Restate exactly the lines that run from the start of the records below to the line containing "disgruntled woman rheumatism", counting both ends, and nothing else; pictures stay out.
===== Data under study
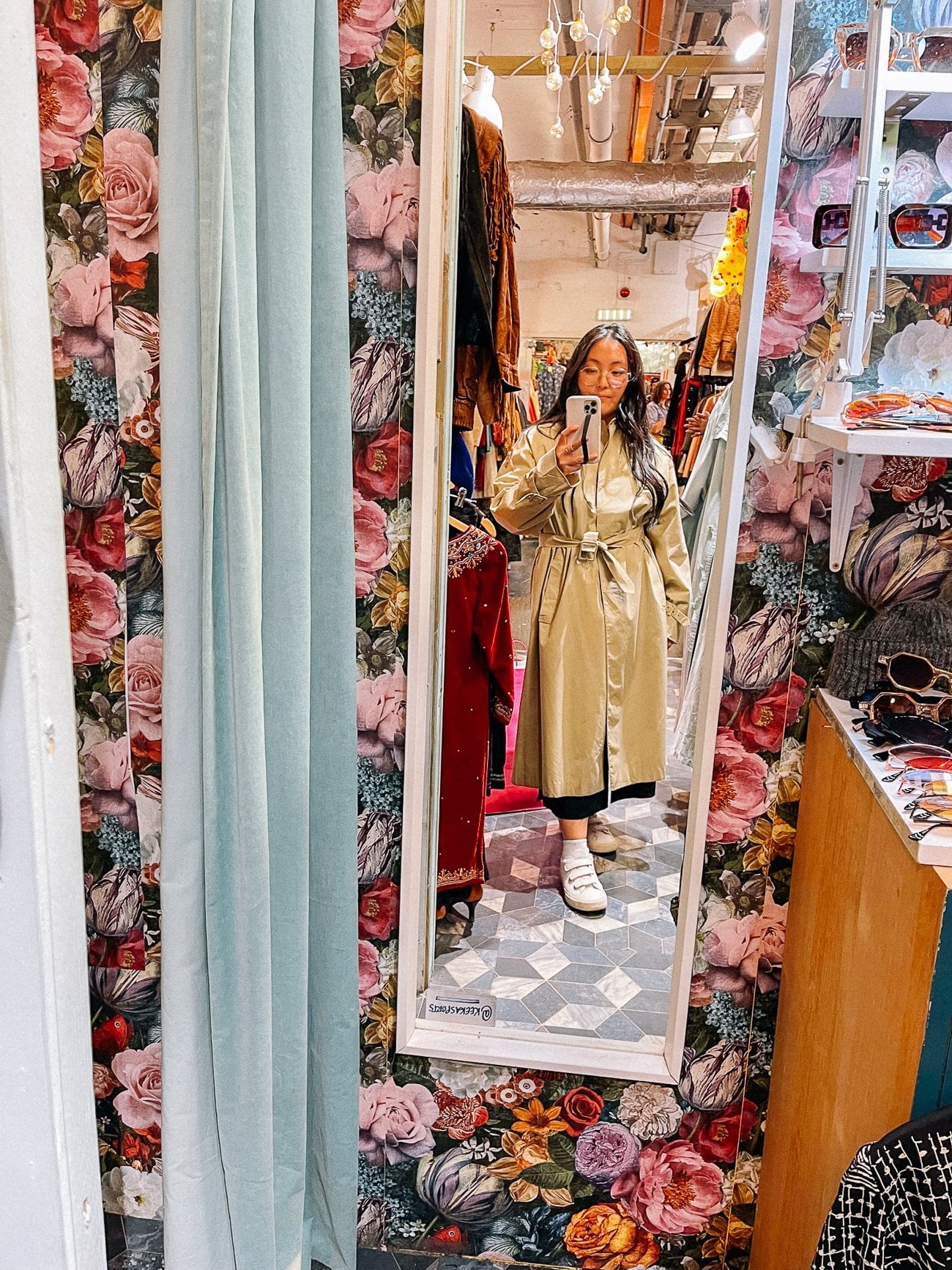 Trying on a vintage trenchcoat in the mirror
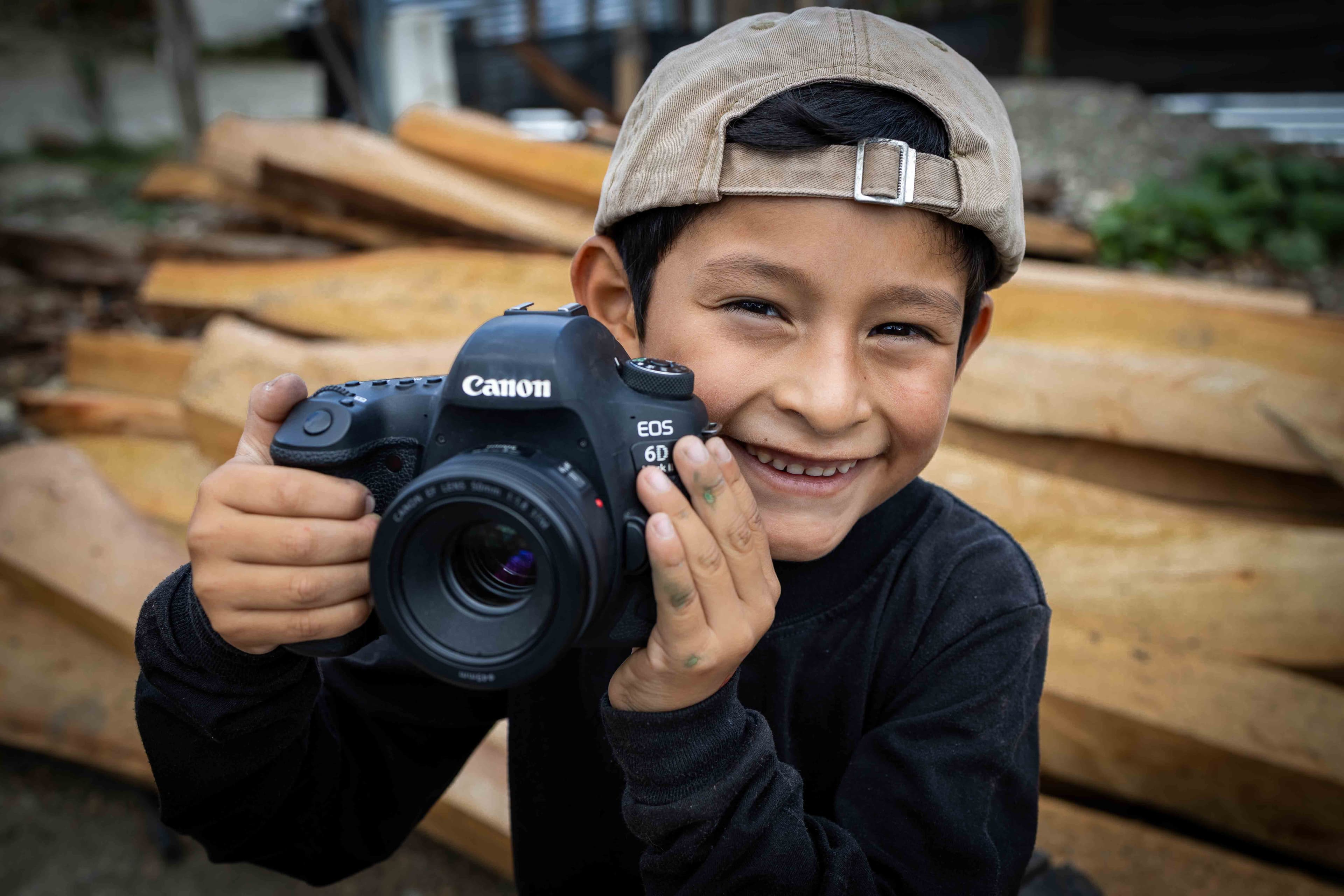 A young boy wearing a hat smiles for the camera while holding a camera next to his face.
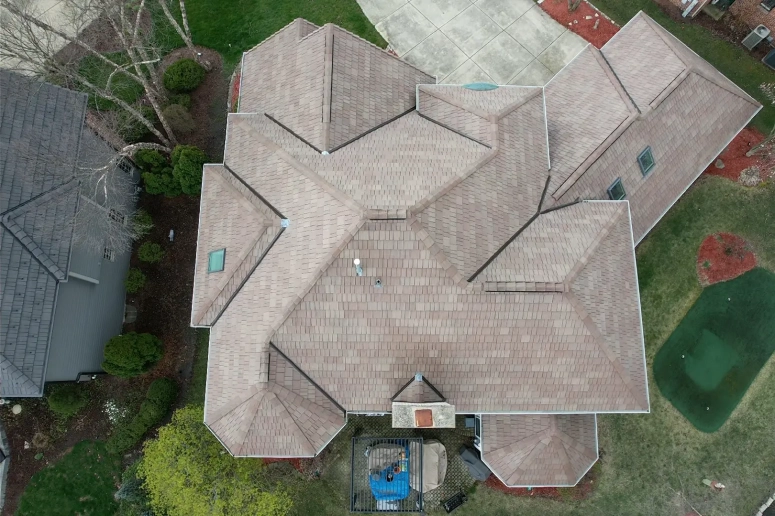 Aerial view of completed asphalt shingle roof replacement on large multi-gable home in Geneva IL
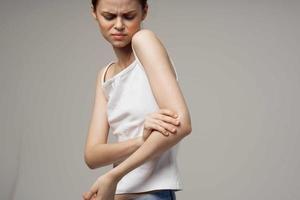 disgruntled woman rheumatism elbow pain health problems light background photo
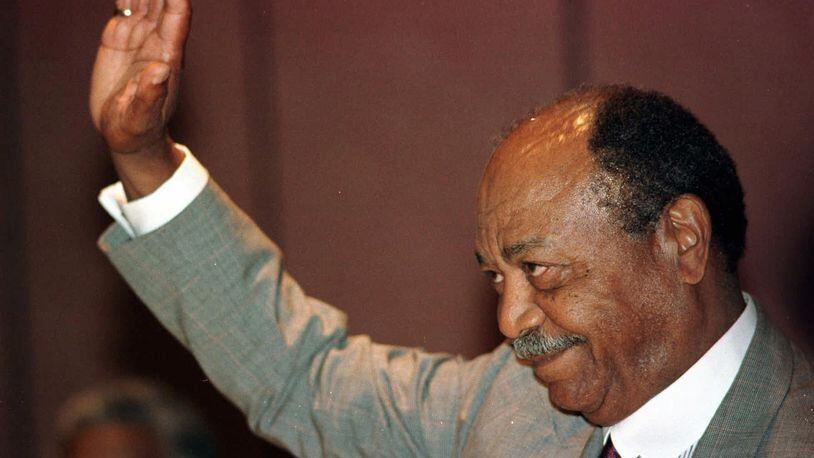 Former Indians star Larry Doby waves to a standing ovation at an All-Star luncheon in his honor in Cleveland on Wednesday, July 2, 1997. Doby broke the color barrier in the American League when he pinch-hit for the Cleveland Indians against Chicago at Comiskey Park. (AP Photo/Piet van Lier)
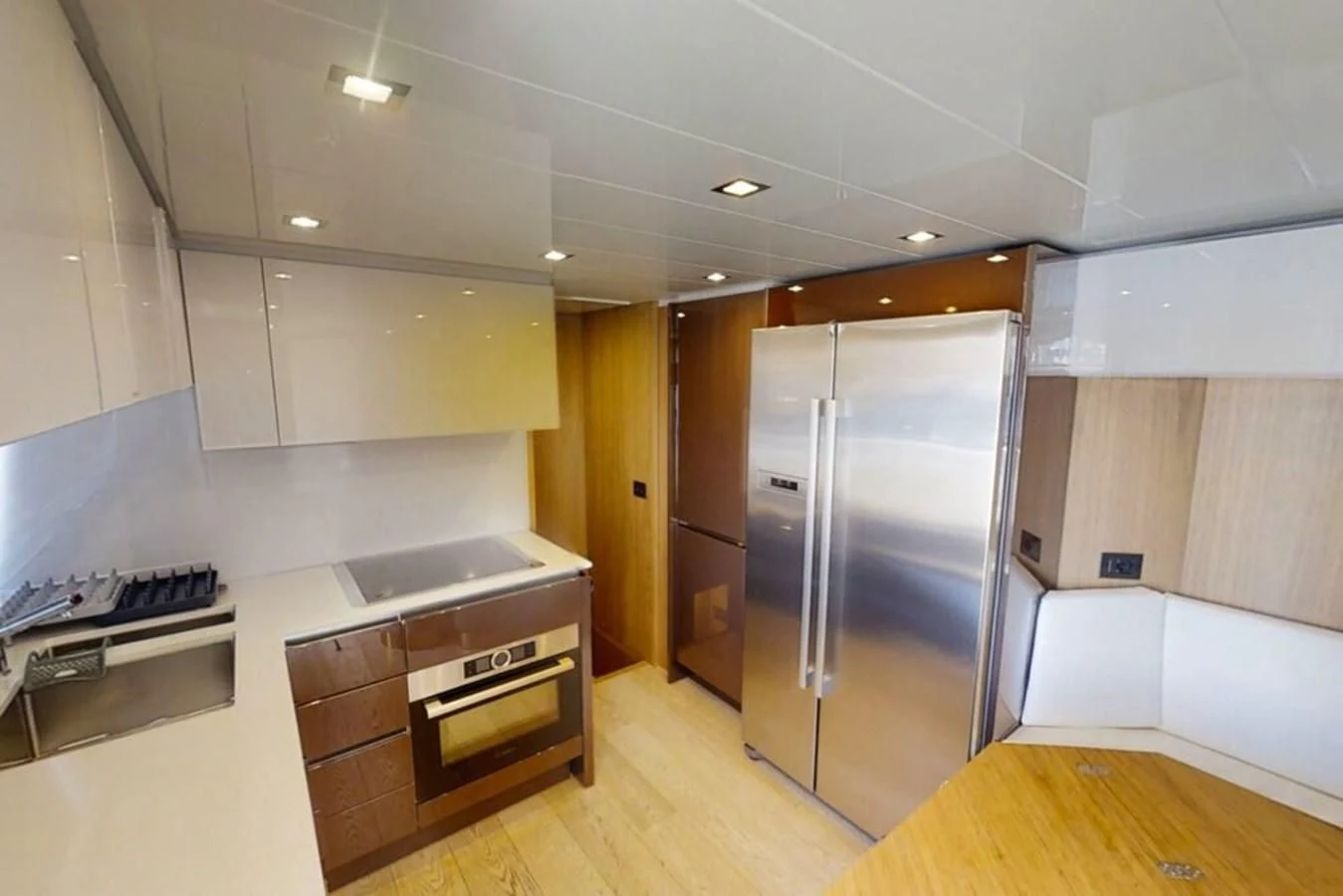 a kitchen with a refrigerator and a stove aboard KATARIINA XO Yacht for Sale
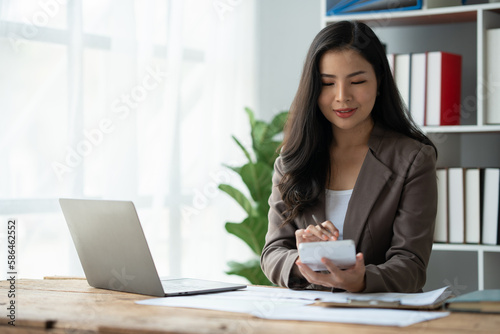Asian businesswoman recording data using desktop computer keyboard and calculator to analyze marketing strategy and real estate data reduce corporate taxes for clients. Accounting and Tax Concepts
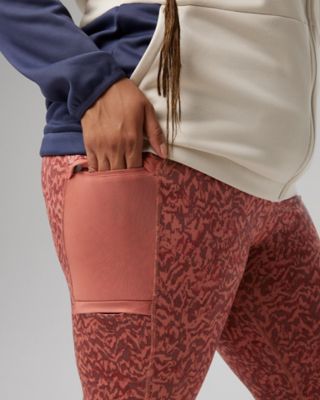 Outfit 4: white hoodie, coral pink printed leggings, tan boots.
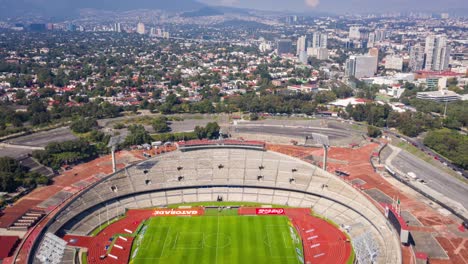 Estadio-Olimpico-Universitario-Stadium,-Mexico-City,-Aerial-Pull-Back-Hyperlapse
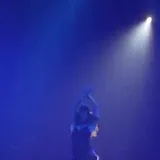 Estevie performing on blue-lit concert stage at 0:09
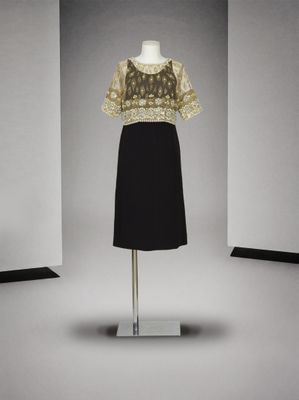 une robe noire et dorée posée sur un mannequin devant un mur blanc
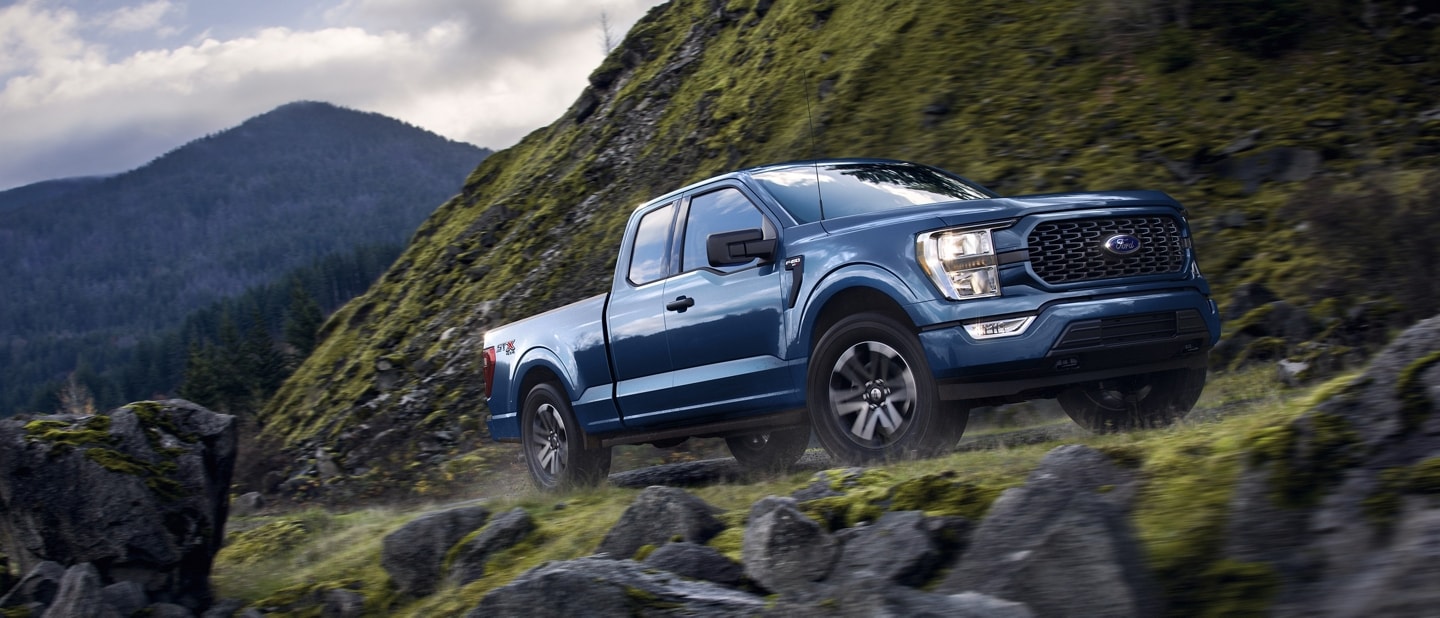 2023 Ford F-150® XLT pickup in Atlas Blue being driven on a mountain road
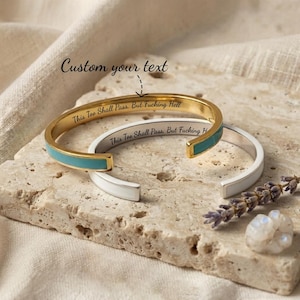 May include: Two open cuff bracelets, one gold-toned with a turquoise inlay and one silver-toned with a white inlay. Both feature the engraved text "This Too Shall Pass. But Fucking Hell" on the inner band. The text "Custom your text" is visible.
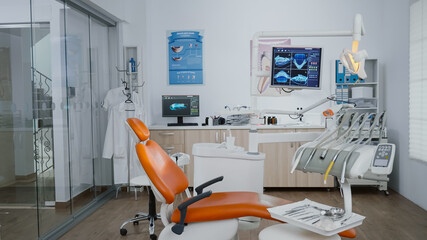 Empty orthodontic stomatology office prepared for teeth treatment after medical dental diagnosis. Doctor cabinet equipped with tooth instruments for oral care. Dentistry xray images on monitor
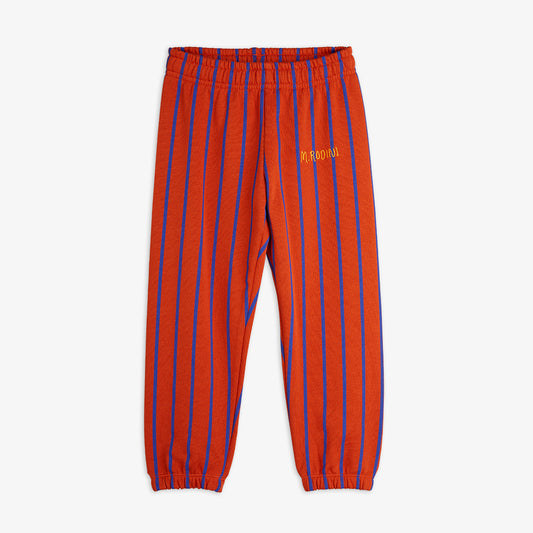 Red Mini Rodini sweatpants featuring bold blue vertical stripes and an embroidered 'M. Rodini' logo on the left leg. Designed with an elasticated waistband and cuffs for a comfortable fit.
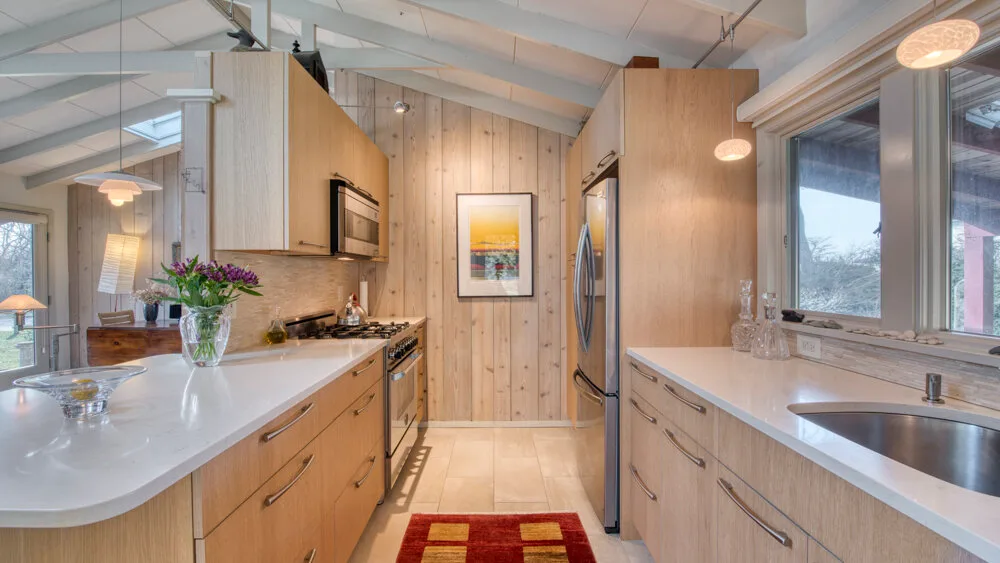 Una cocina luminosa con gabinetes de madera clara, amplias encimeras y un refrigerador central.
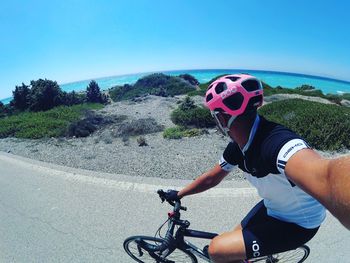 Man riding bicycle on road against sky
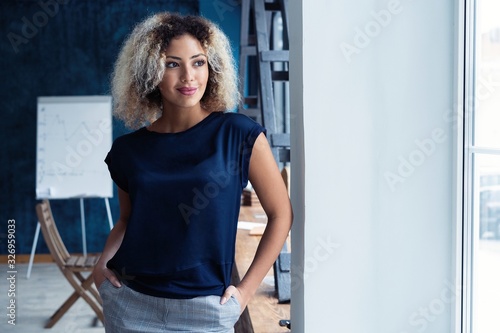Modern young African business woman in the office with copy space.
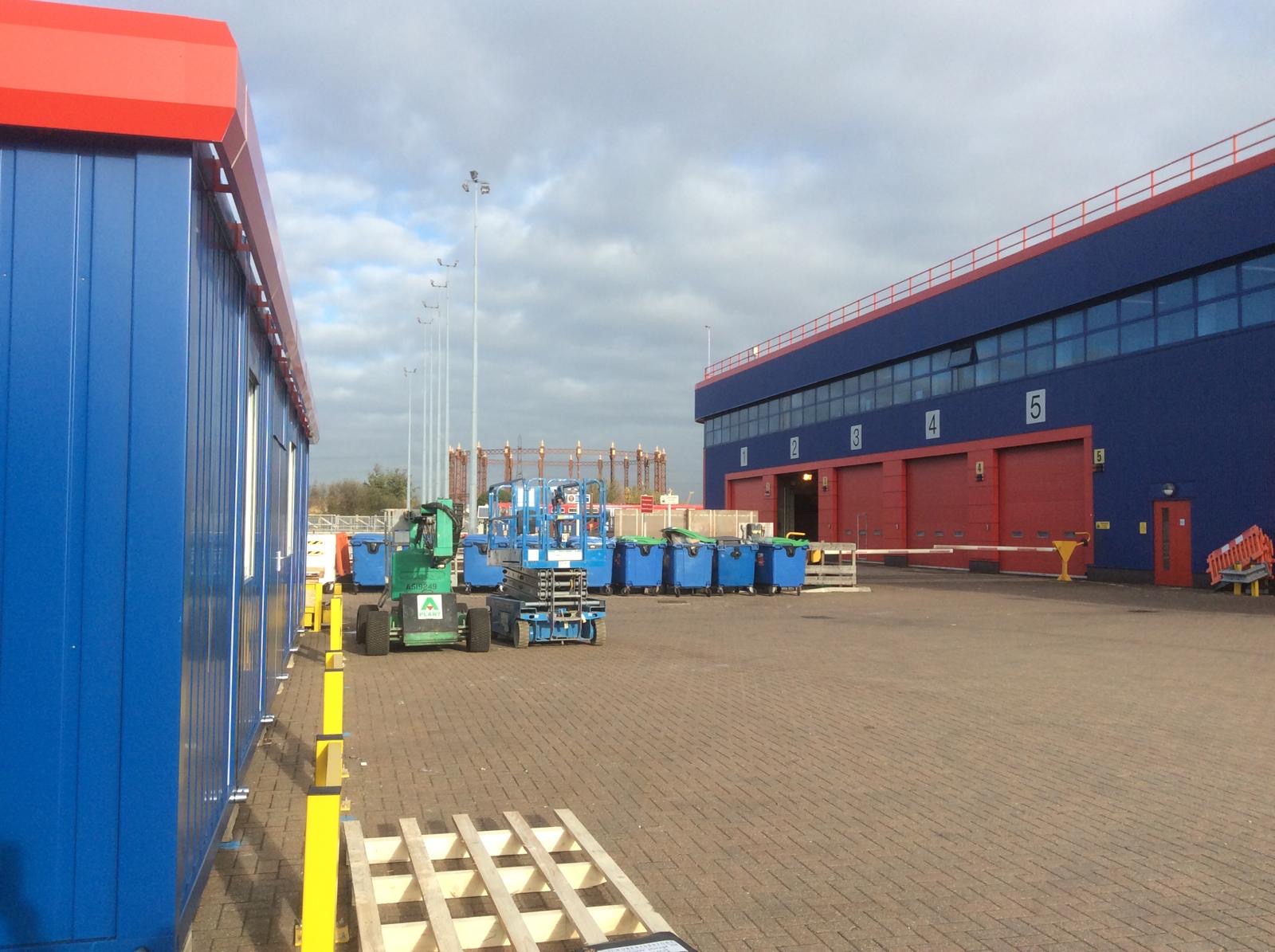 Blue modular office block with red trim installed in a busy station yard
==========
● **Your response**
 Trying on a vintage trenchcoat in the mirror
 A young boy wearing a hat smiles for the camera while holding a camera next to his face.
 Aerial view of completed asphalt shingle roof replacement on large multi-gable home in Geneva IL
 disgruntled woman rheumatism elbow pain health problems light background photo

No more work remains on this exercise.